BACKGROUND: Deciphering hypoplastic left heart syndrome (HLHS) pathogenesis is confounded by its genetic heterogeneity and oligogenic underpinnings. METHODS: Whole genome sequences were analyzed by 3 independent strategies to identify HLHS gene candidates, ranked by variant, gene, and disease-level metrics. RESULTS: First, a genome-wide association study of 174 cases and 853 controls revealed suggestive association with a MYO18B intron 33 variant (rs2269628-G; frequency=0.55 versus 0.39; OR, 1.97 [95% CI, 1.54-2.52]; P=6.70×10-8). Second, transmission disequilibrium testing of 161 HLHS proband-parent trios revealed overrepresentation of a MYO18B intron 42 variant (rs73154186-A; frequency=0.05; OR, 24 [95% CI, 3.2-177.4]; P=4.23×10-6). Third, rare, predicted-damaging variants were filtered in 2 multiplex families. In 141H, 2 fifth-degree relatives with HLHS shared a paternally-inherited MYO5A missense variant (p.Arg801Trp; frequency=0.00003; combined annotation-dependent depletion score=29), each with a maternally-inherited or de novo candidate modifier variant in a MYO5A-interacting conventional myosin.

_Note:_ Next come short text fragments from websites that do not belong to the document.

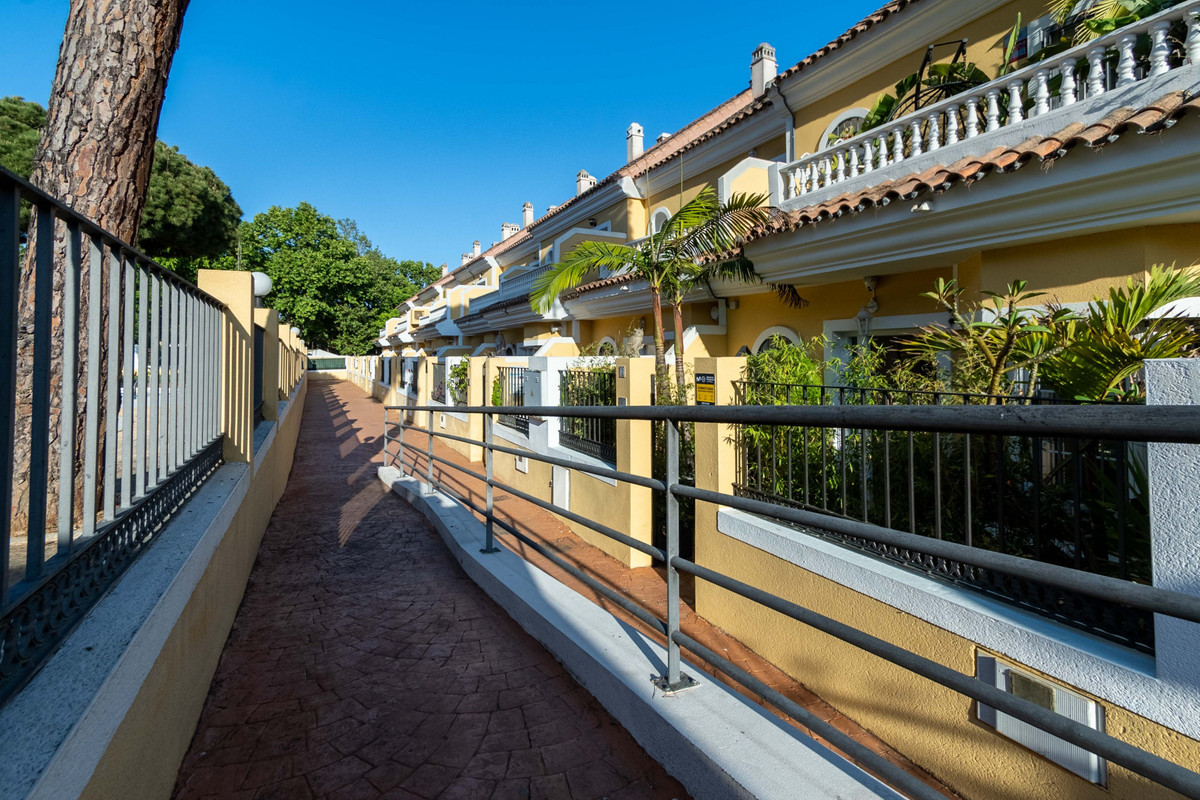 Te koop Herenhuis Costa Del Sol Mijas Costa € 660.000,-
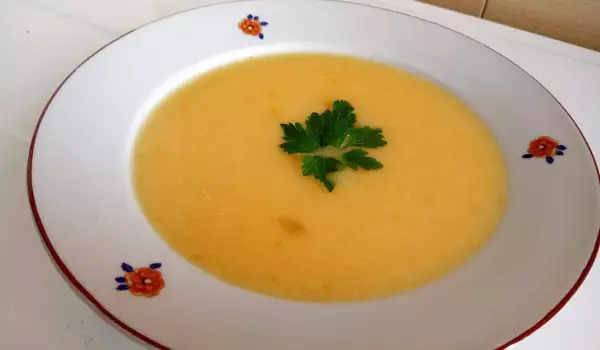 Картофельный суп-пюре с морковью и сельдереем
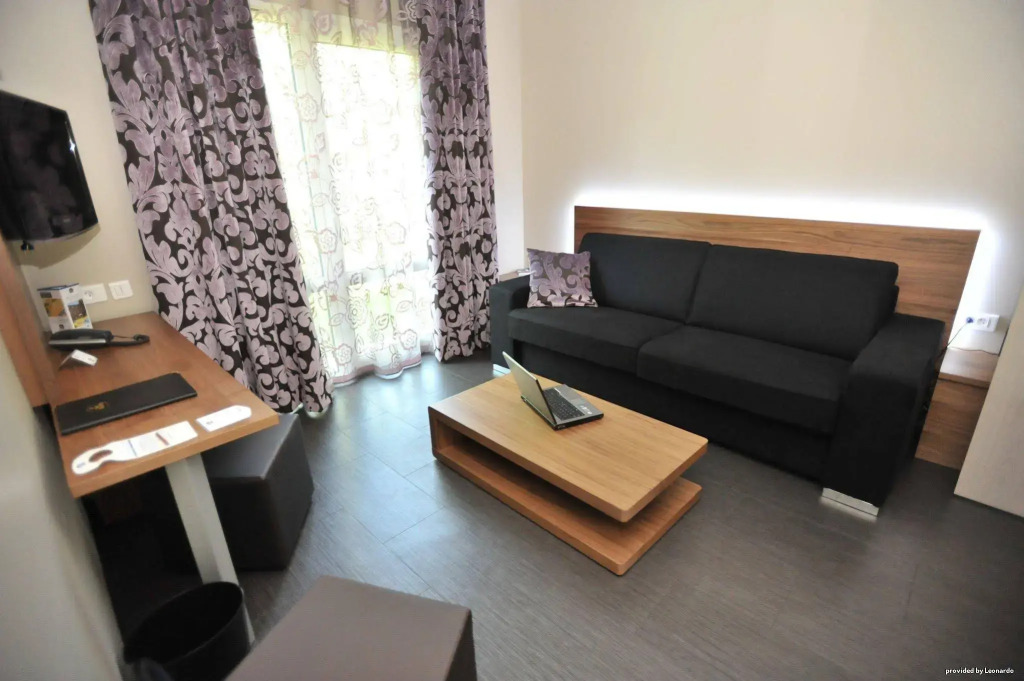 Hotel Full Colors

In 442H, a HLHS proband was compound heterozygous for MYO15A variants-a maternally-inherited pathogenic stop-gain variant co-segregating with tetralogy of Fallot and bicuspid aortic valve in maternal relatives (p.Tyr2819Ter; frequency=0.00003) and a paternally-inherited intronic variant altering a canonical transcription factor binding site (rs1277068603; frequency=0.00001; position weight matrix score=0.98). CONCLUSIONS: Collectively, these findings suggest that common and rare alleles within unconventional myosin genes are associated with HLHS susceptibility. The identified candidate MYO18B regulates cardiac sarcomerogenesis, supporting the hypothesis of intrinsic myogenic perturbation in arrested left heart development.